Souweine (pronounced Swayne), who has been a bugler for military funerals since he was nine years old, began learning to play trumpet and became the youngest member of BAA.
“Serving with Buglers Across America is a real honor,” says Souweine. “We provide live playing of taps, free of charge, for military funerals, so that vets have the honor they deserve. I’ve seen how moved the family is – taps is haunting music in memory of those who put their lives on the line.”
Military service runs in Souweine’s family. His mother works at the Massachusetts National Cemetery in Bourne. His father, both grandfathers and an uncle have been in uniform.
Playing 10 to 20 services each weekend can be physically tiring and climatically challenging – rain, snow, temperatures cold enough to freeze lips to the horn – but is always emotionally uplifting, he says.
On campus, Souweine plays in three groups: concert band, marching band and studio jazz. Ensembles require time and commitment, while each offers its own rewards.
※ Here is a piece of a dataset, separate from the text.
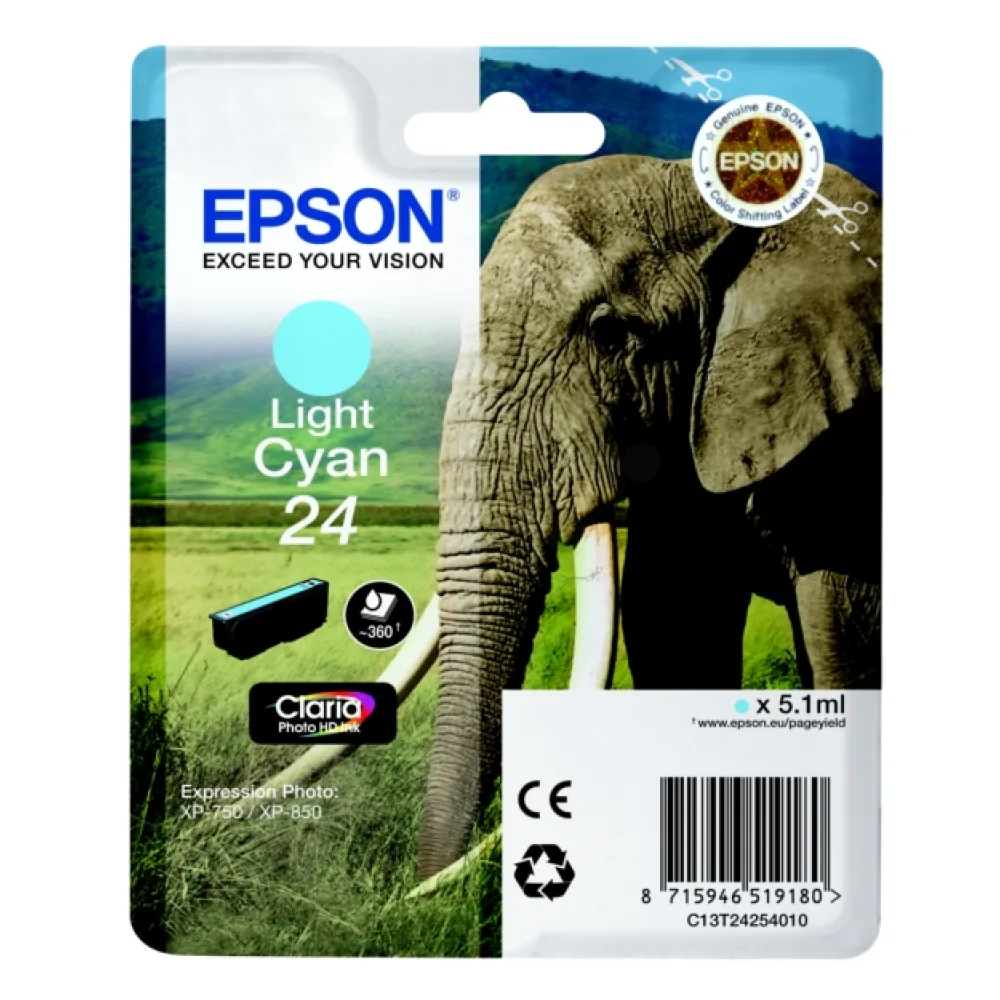 Original Epson C13T24254012 / 24 Tintenpatrone cyan hell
“My primary training is in jazz, but I also love marching band,” he says. “It’s like a giant family and what we do with all the moves is fantastic, it’s making art.”
Souweine is glad he chose a university setting over a conservatory education.
“The university is more rounded,” he says. “You meet people who are not musicians, so you’re not competing constantly. I have friends in history or English. It’s more of a community, where we all have UMass Lowell in common. And for musicians, UMass Lowell is a great place with its programs in sound recording technology, music business and music education. We’re trained so well here, it’s an amazing school.”
In summer 2012, Souweine was an orientation leader, a great way to “learn about the University and about myself,” he says. “I met so many incoming students, all with their own individual personalities and the full range of emotions, from nerves to excitement. I helped show them around the campus, letting them know there is nothing to be afraid of here.”
Souweine also has taught trumpet for many years and enjoys “seeing the sparkle” when a student learns something new.
“As a musician, as a human being, you should not keep knowledge to yourself,” he says. “We should always be giving it away, letting others build their own talent.”
Souweine’s advice to students considering UMass Lowell for college?
“Give it a shot,” he says. “Join us.”